Что мне нужно для перекидки с VHS камеры или видеомагнитофона  на компьютер?

----------


## Cheechako

Карта видеозахвата (или ТВ-тюнер) + провода:p. Можно использовать видеокарту, имеющую вход S-видео (не интересовался, есть ли такие среди более-менее современных:)).

----------


## vicshark

видеокарта радеон HD2600XT

----------


## Cheechako

Это стандартное решение с выходом S-видео; мне попадались в свои времена карты со входом, что позволяло непосредственно подключить, например, видеомагнитофон (изображение показывалось в окне + имелась возможность захвата; однако смысл такого решения не очень понятен, качество получалось средненькое).
Для аналоговой камеры вполне хватит относительно дешёвых устройств (по опыту запись с разрешением более 352*288 смысла не имеет, ну если только пытаться получить результат лучше исходной записи), у ТВ-тюнера есть преимущество в возможности использования его по назначению:).

----------


## vicshark

мне подогнали адаптер USB Video Genie  CM1150 для перекидования видео VHS на ПК. Проблема в том что драйвера нет под ХР, на установочном стоит w98. Пробовал найти, везде платные.
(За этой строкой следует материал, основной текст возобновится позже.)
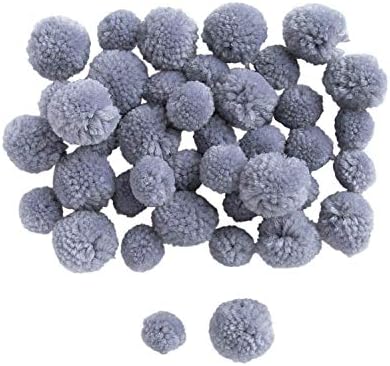 Fun Express Fluffy Gray Yarn Pom Poms 42 Pcs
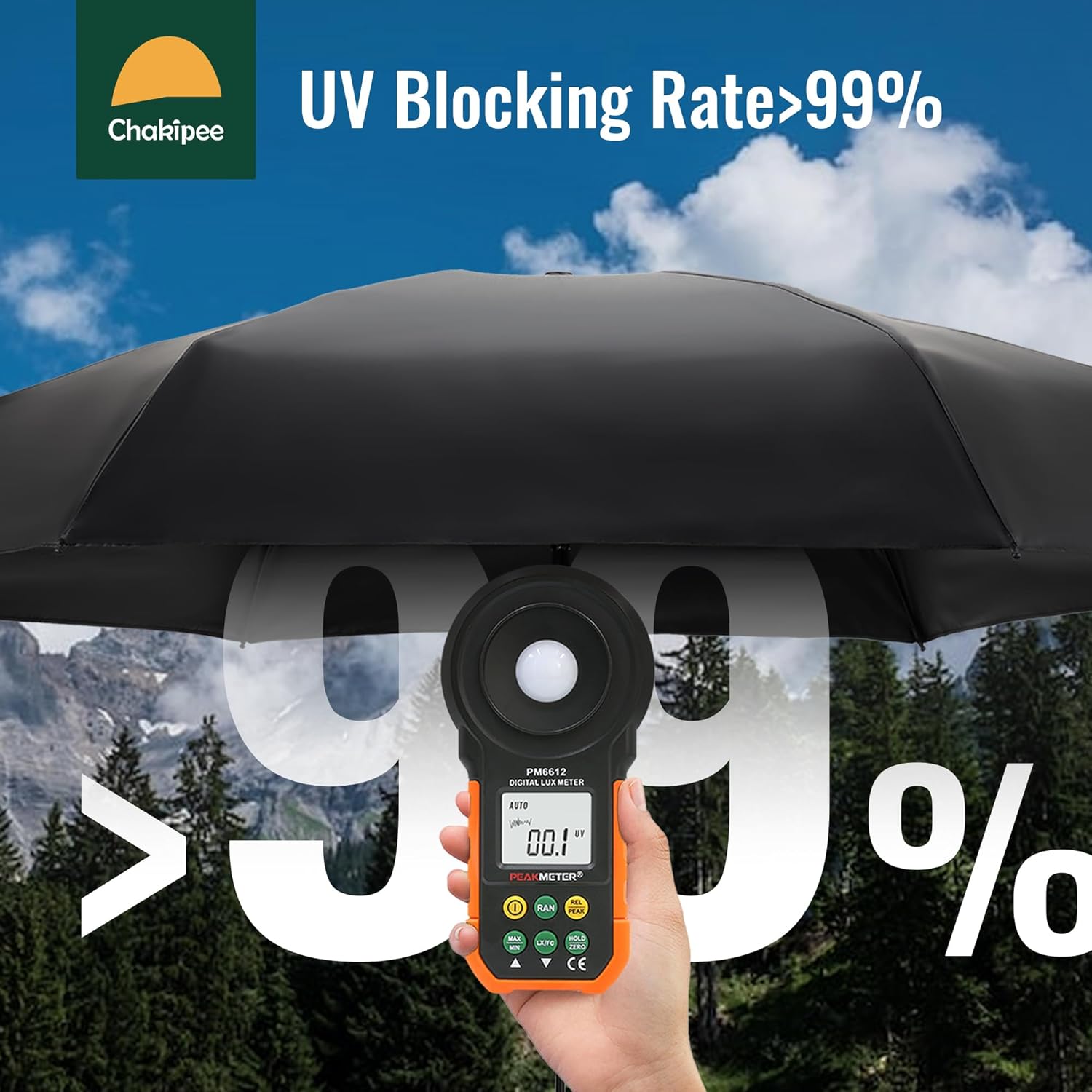 Chakipee Mini UV Umbrella Compact Lightweight Portable for Travel and Rain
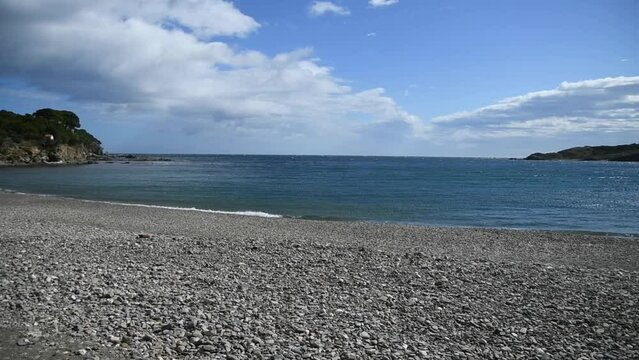slow motion Calm sea on Garbet Colera beach Girona Spain Costa Brava on the Mediterranean coast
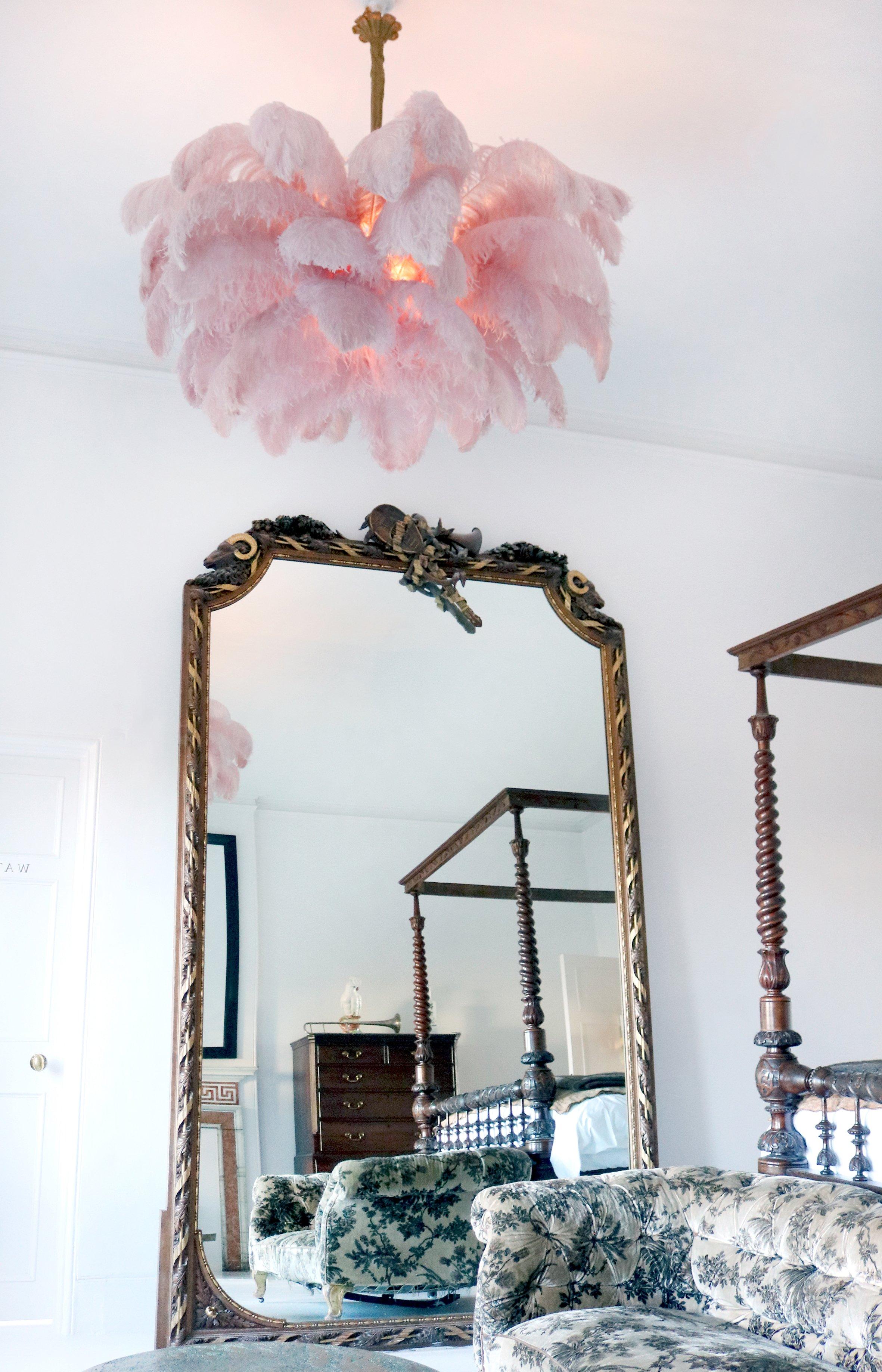 Auralira Chandelier Ostrich Feather Large Brass Stem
Подскажите где можно скачать?

----------


## Cheechako

Если я правильно понял, речь идёт о чём-то вроде такого:
http://www.shoptronics.com/usb-video...re-device.html
Можно поискать на http://www.driverguide.com/ (требуется бесплатная регистрация), там много экзотики, но для устройства времён Win98 драйвер найти трудно, м.б. проще будет использовать Win98 в виртуальной машине.

----------


## vicshark

К сожеленью я в этом делетант и использовать Win98 в виртуальной машине точно не смогу. Даже незнаю как это сделать.

----------


## Cheechako

В принципе, надо смотреть, что за устройство - как-то мало о нём Google рассказывает :(
Быть может, подойдёт драйвер от аналогичного.

----------


## vicshark

да может и подойдет, но я не нашел аналога драйвер

----------


## sazontik

Поставь ТВ тюнер имеющий видеозахват. Скачай к нему программу http://depositfiles.com/files/u9b7hcm1b

----------